What you are asked to do:
Copy the records below exactly, but leave out any picture they contain.

%%

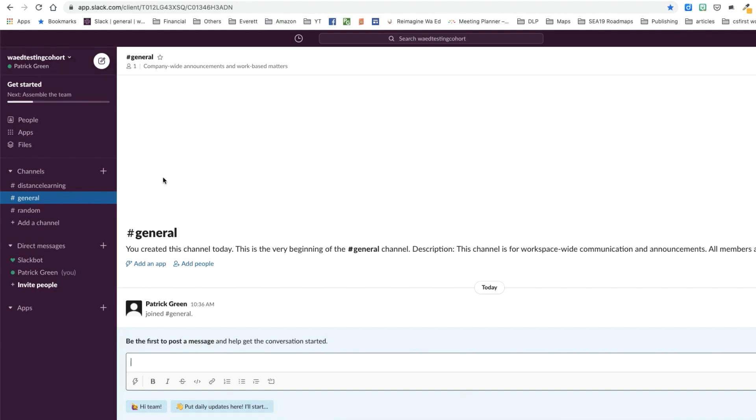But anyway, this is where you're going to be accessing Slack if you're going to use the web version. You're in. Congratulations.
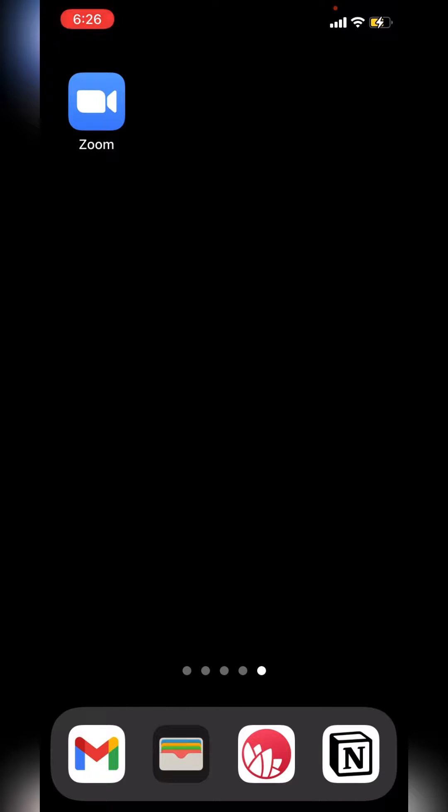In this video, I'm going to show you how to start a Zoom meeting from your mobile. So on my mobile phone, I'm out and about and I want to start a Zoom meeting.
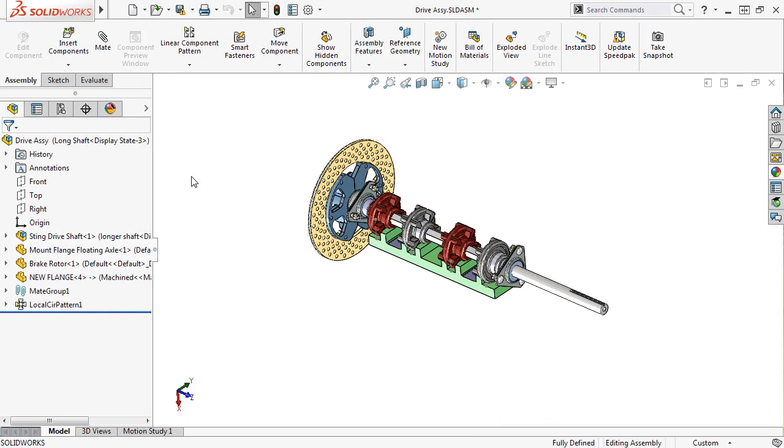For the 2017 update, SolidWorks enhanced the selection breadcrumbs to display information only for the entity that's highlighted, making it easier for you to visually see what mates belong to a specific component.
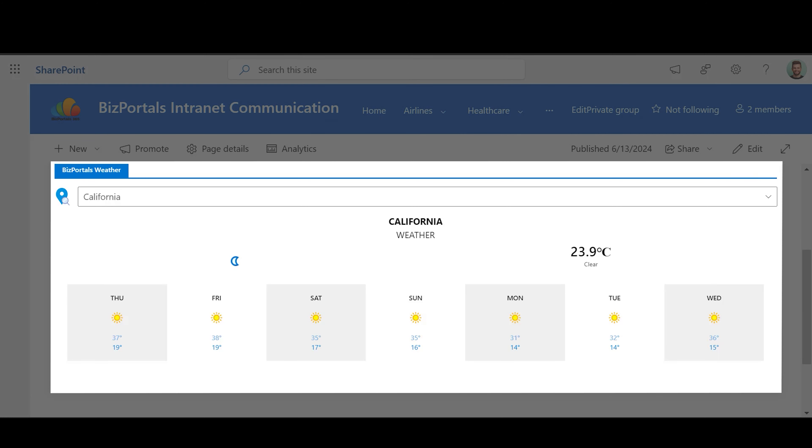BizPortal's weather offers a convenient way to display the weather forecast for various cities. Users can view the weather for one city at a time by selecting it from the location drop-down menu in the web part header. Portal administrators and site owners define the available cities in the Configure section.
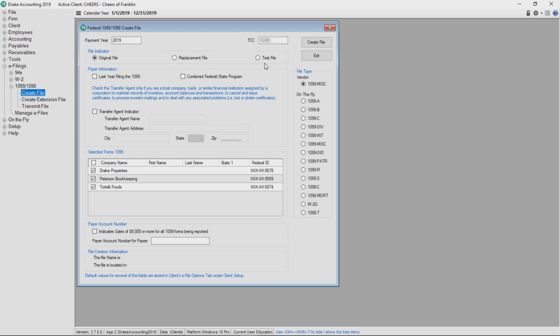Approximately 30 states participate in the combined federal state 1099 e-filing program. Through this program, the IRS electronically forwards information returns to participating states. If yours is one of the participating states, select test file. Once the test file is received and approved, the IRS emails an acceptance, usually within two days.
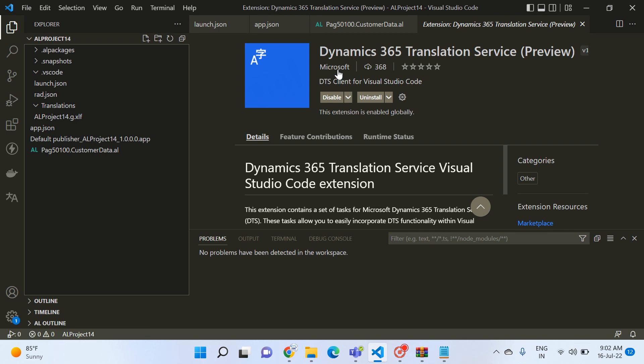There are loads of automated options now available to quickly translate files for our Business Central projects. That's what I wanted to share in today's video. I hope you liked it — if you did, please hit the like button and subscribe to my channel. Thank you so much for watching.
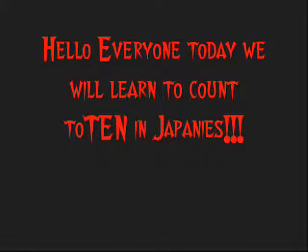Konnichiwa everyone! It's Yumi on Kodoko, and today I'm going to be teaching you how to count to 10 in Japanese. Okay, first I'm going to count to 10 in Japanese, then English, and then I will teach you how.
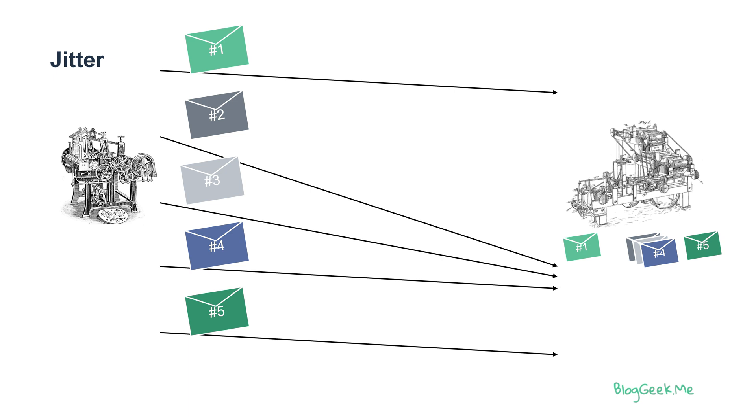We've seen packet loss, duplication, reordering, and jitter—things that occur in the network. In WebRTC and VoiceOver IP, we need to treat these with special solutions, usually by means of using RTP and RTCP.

%%

Output for this exercise:
But anyway, this is where you're going to be accessing Slack if you're going to use the web version. You're in. Congratulations.
In this video, I'm going to show you how to start a Zoom meeting from your mobile. So on my mobile phone, I'm out and about and I want to start a Zoom meeting.
For the 2017 update, SolidWorks enhanced the selection breadcrumbs to display information only for the entity that's highlighted, making it easier for you to visually see what mates belong to a specific component.
BizPortal's weather offers a convenient way to display the weather forecast for various cities. Users can view the weather for one city at a time by selecting it from the location drop-down menu in the web part header. Portal administrators and site owners define the available cities in the Configure section.
Approximately 30 states participate in the combined federal state 1099 e-filing program. Through this program, the IRS electronically forwards information returns to participating states. If yours is one of the participating states, select test file. Once the test file is received and approved, the IRS emails an acceptance, usually within two days.
There are loads of automated options now available to quickly translate files for our Business Central projects. That's what I wanted to share in today's video. I hope you liked it — if you did, please hit the like button and subscribe to my channel. Thank you so much for watching.
Konnichiwa everyone! It's Yumi on Kodoko, and today I'm going to be teaching you how to count to 10 in Japanese. Okay, first I'm going to count to 10 in Japanese, then English, and then I will teach you how.
We've seen packet loss, duplication, reordering, and jitter—things that occur in the network. In WebRTC and VoiceOver IP, we need to treat these with special solutions, usually by means of using RTP and RTCP.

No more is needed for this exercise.